There are no poll tax laws or literacy tests to take away voting rights in the 21st century. Republicans have a much more sophisticated method this time, called voter ID laws. The result is the same. Many blacks and minorities will be systemically denied the right to vote under the guise of these new voting laws. Vice President Biden knew exactly what he was saying and to whom he was speaking when he referred to the GOP as "trying to put y'all back in chains."

Unfortunately, many persons are not aware of the extent of the GOP's disenfranchisement efforts. The effects will linger and go far beyond President Obama and the 2012 election, if not stopped. And once a train starts moving quickly, it's not as easy to stop it. Rest assured that the GOP voter suppression train has left the station in terms of taking away voting rights. It is probably en route to a state near you, if it has not already arrived.

Voter ID laws, under the pretext of protecting voter fraud, enacted now in over half the states, require voters to present some form of identification as a requirement to vote. Fourteen states require a government-issued photo ID when voting in person. At the time of registering to vote, other states, like Kansas and Alabama, further demand proof of citizenship beyond the federal legal requirement that citizens swear they are citizens. During the 2011 legislative session, five states -- Wisconsin, Texas, Tennessee, Alabama and South Carolina -- joined Georgia and Indiana by enacting the strictest form of photo ID requirement for voters. Overall 19 states changed their voter ID law in the past two years. Court challenges are pending in many of those states.

The Justice Department blocked South Carolina and Texas' voter ID laws under the Voter Rights Act of 1965. Both sued the Justice Department. The South Carolina case goes on trial on August 27. The Texas trial has not been decided yet by the federal court. A Pennsylvania state court held last week that even with officials' admission of the absence of voter fraud in Pennsylvania and the nation, an injunction cannot be issued against the state's voter ID law. An appeal will likely follow but may not be ruled upon in time before the 2012 election.

This week a newly released and comprehensive national report by News21, a national investigative reporting project, found "scant" evidence of voter fraud since 2000. News21 gathered public information available from all 50 states. The report concludes in person voter fraud, upon which 37 states passed new voter ID laws, is virtually non-existent.

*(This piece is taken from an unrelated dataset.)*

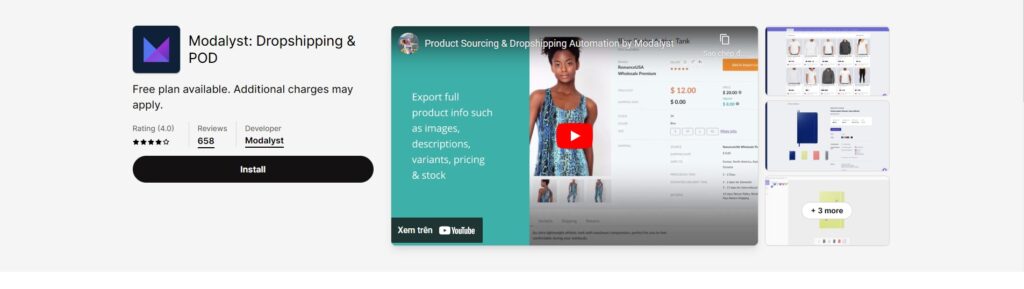 Oberlo App Shopify alternative - modalyst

While the legal battles are waging in court, persons on the ground and online must help voters to become aware of the new voter laws. Voters who have voted in previous elections may not be able to vote in 2012 without proper ID. The laws are not just aimed at new voters but any voter seeking to vote in the 2012 election. And the laws will have a disproportionate effect on blacks, minorities, seniors and students. In Pennsylvania, it is estimated that almost 800,000 voters as of yet do not have the requisite ID needed to vote. Of that number, many live in the urban areas where many black people reside.

Just as in the Jim Crow days, this is a time to rise to the occasion. The battle must be fought on the ground, in the courts, in civic engagement, online and anywhere necessary to right the wrong. Voting is the bedrock of democracy. As President Lyndon Baines Johnson said on August 6, 1965, at the signing of the Voter Rights Act of 1965, "This right to vote is the basic right by which all others without it are meaningless." No qualified citizen eligible to vote should ever be denied the right to vote due to partisan efforts to win an election.